§ **WHAT YOU HAVE TO DO**: Images do not belong in the copy; retype the rest of the entries below exactly.

(Brief descriptive captions)
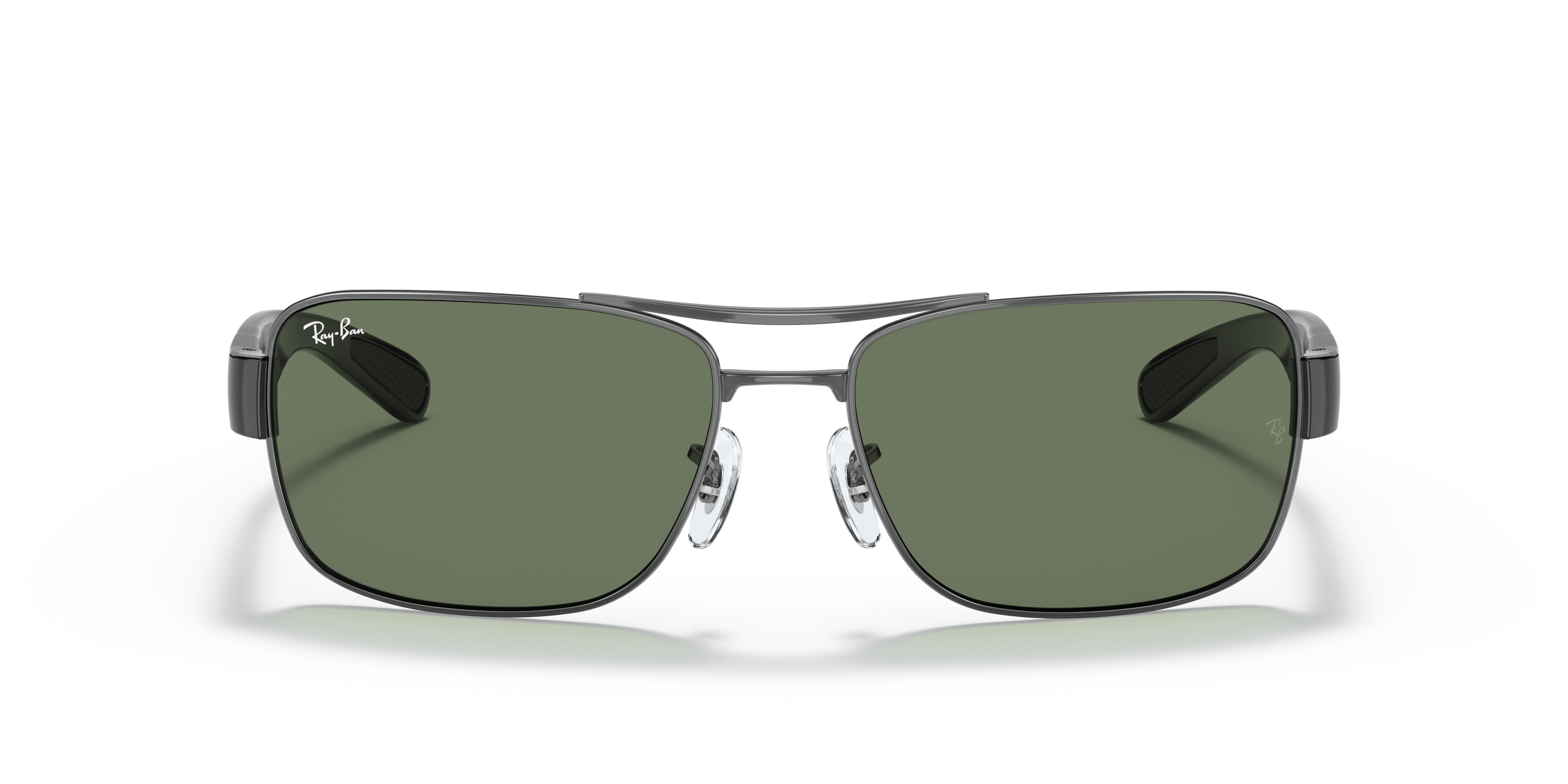 【Ray Ban】純正★RB3522 004/71★オーバーサイズサングラス★ RB3522 Sunglasses in Gunmetal and Green - RB3522 | Ray-Ban® US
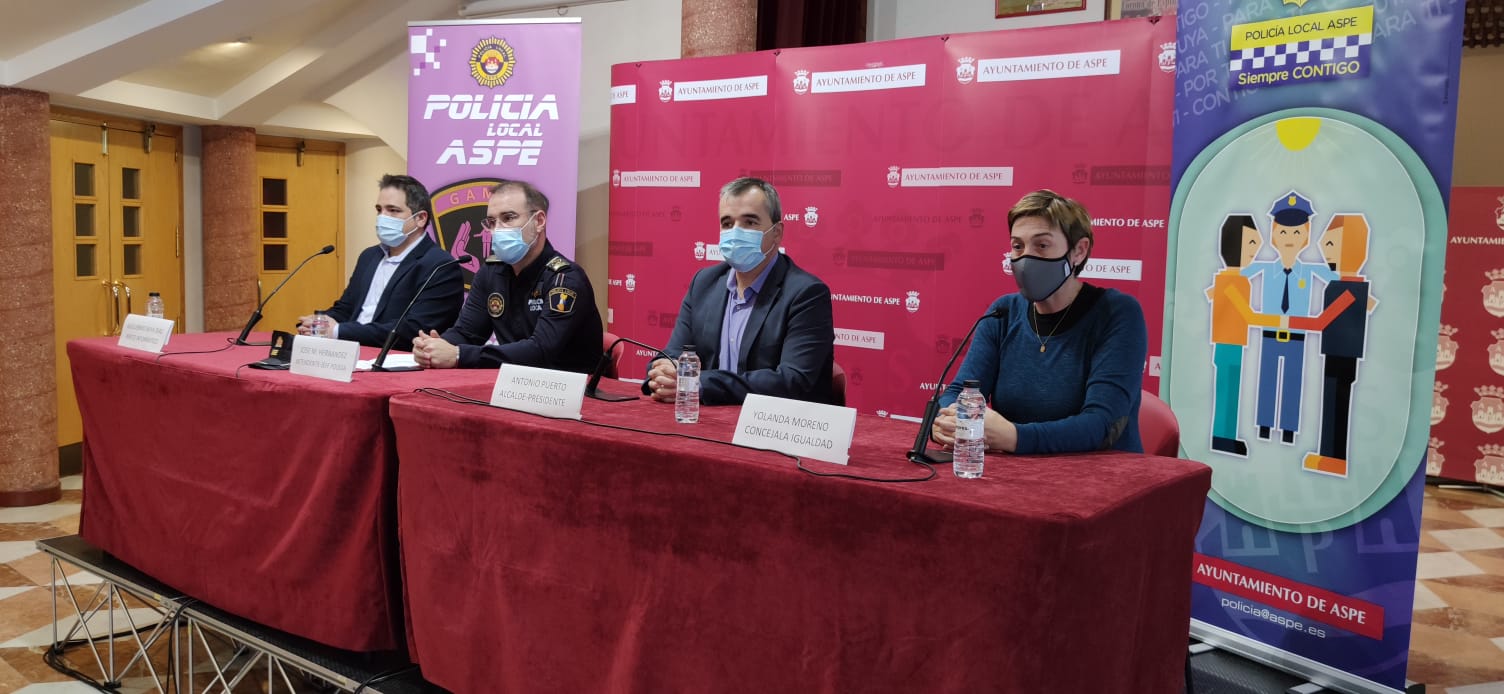 La Policía Local de Aspe se dota de un servicio especializado en el acoso y la violencia digital La Policía Local de Aspe se dota de un servicio especializado en el acoso y la violencia digital
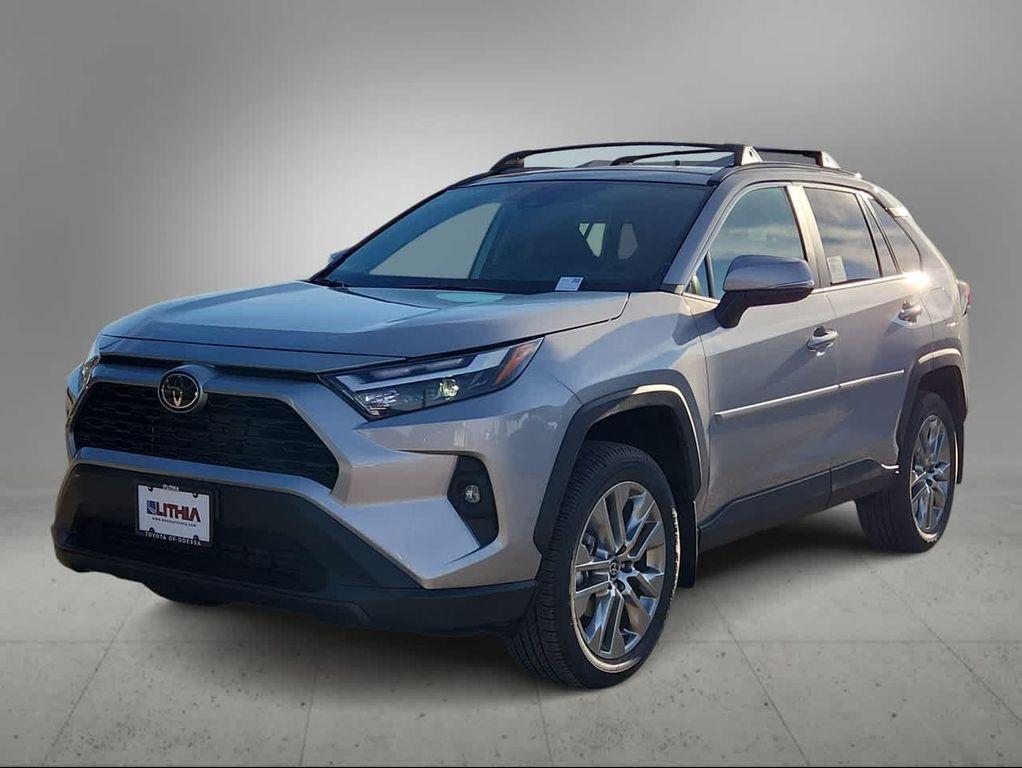 new 2025 Toyota RAV4 car, priced at $40,549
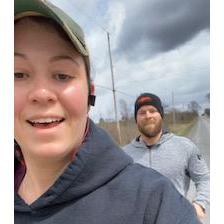 the couple who runs together stays together!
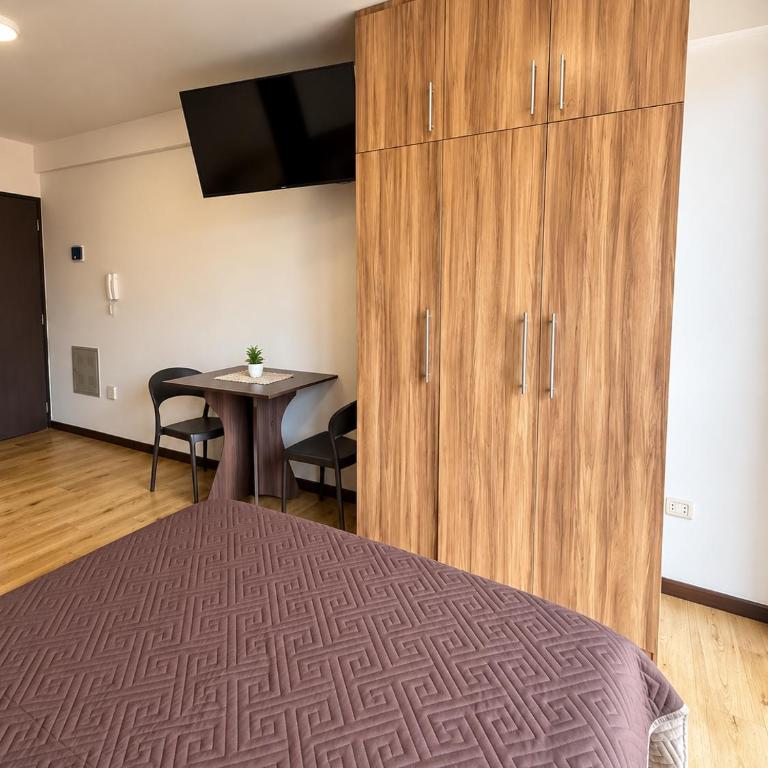 Acogedor estudio con vista panorámica - One-Bedroom Apartment - 5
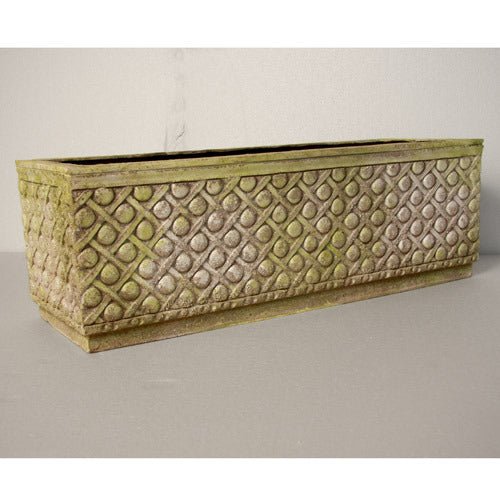 Button Window Box 9 H Outdoor/Indoor Statue - Bella Statues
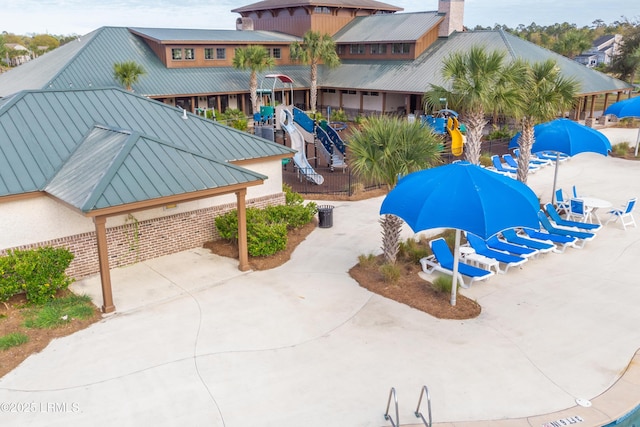 120 Sifted Grain Rd, Bluffton, SC 29909 - view of pool with a gazebo
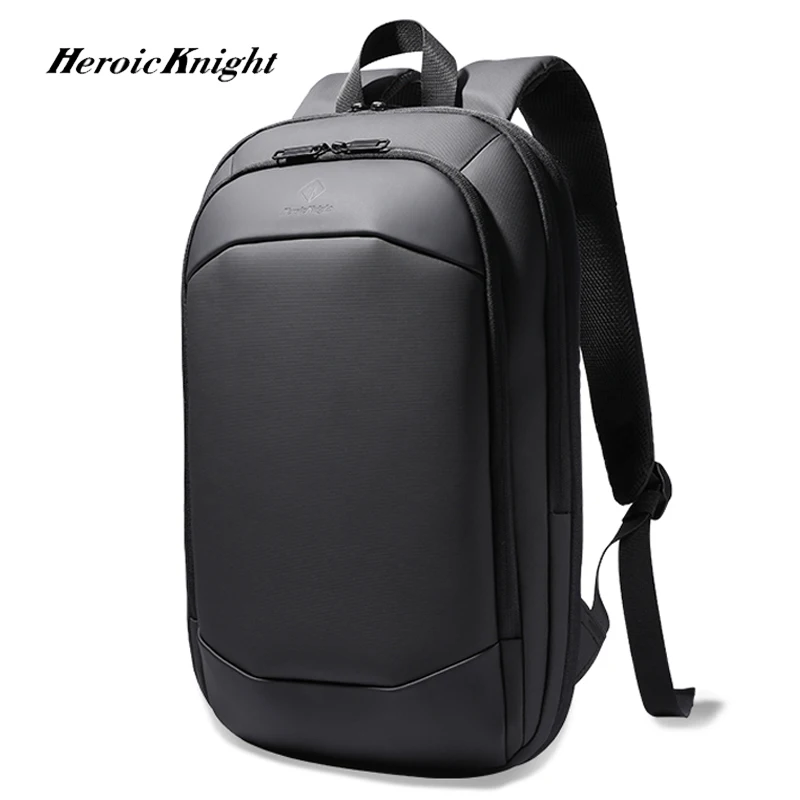 Laptop Backpack 15.6 - Heroic Knight Ultradunne zakelijke herenlaptoprugzak 15,6
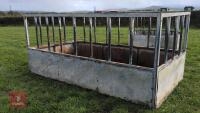GALVANISED RECTANGLER CATTLE FEEDER - 2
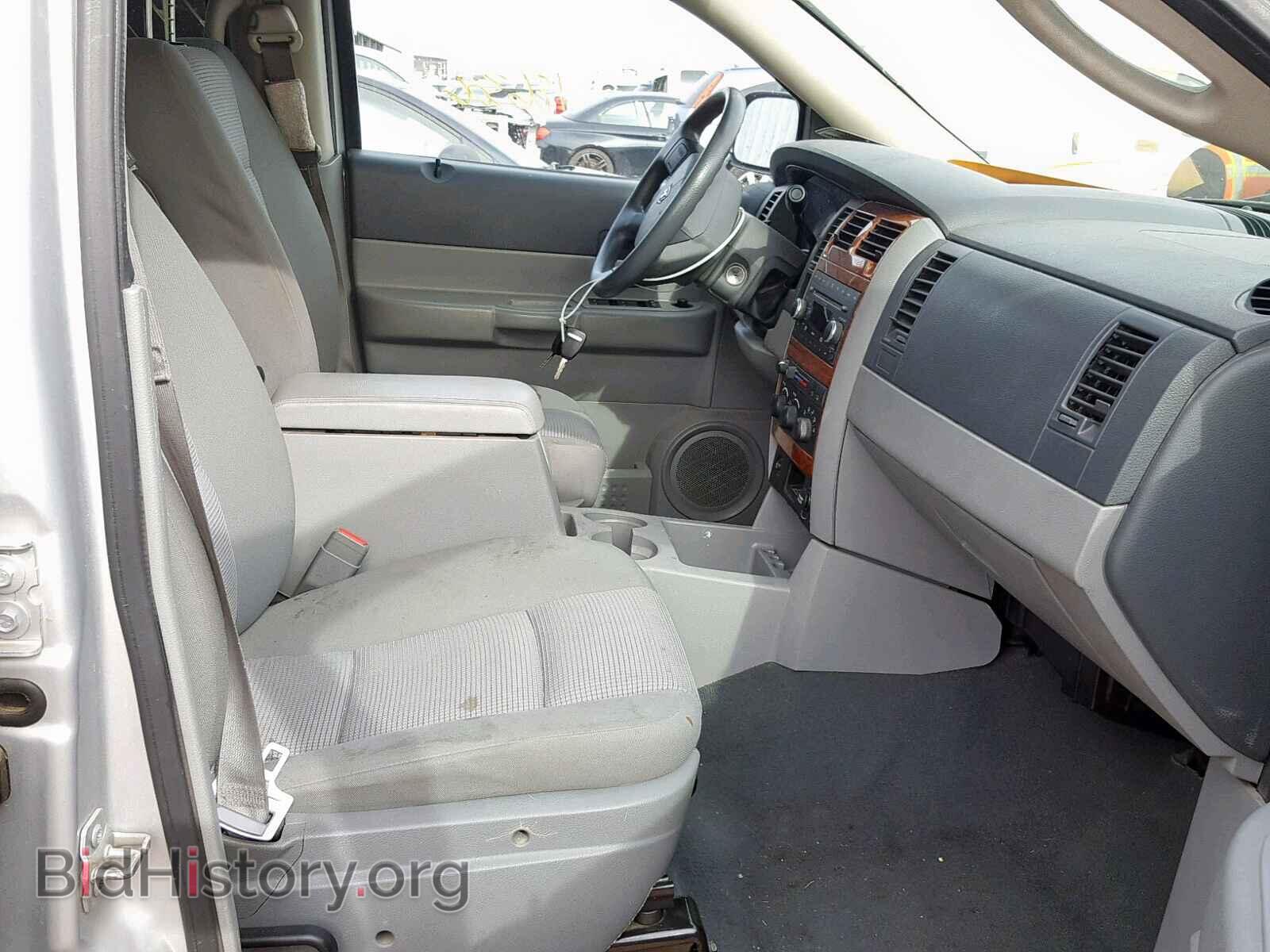 2008 DODGE DURANGO SL - VIN: 1D8HB48N98F155290 - Фото 5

§ **ANSWER BOX**:
 【Ray Ban】純正★RB3522 004/71★オーバーサイズサングラス★ RB3522 Sunglasses in Gunmetal and Green - RB3522 | Ray-Ban® US
 La Policía Local de Aspe se dota de un servicio especializado en el acoso y la violencia digital La Policía Local de Aspe se dota de un servicio especializado en el acoso y la violencia digital
 new 2025 Toyota RAV4 car, priced at $40,549
 the couple who runs together stays together!
 Acogedor estudio con vista panorámica - One-Bedroom Apartment - 5
 Button Window Box 9 H Outdoor/Indoor Statue - Bella Statues
 120 Sifted Grain Rd, Bluffton, SC 29909 - view of pool with a gazebo
 Laptop Backpack 15.6 - Heroic Knight Ultradunne zakelijke herenlaptoprugzak 15,6
GALVANISED RECTANGLER CATTLE FEEDER - 2
 2008 DODGE DURANGO SL - VIN: 1D8HB48N98F155290 - Фото 5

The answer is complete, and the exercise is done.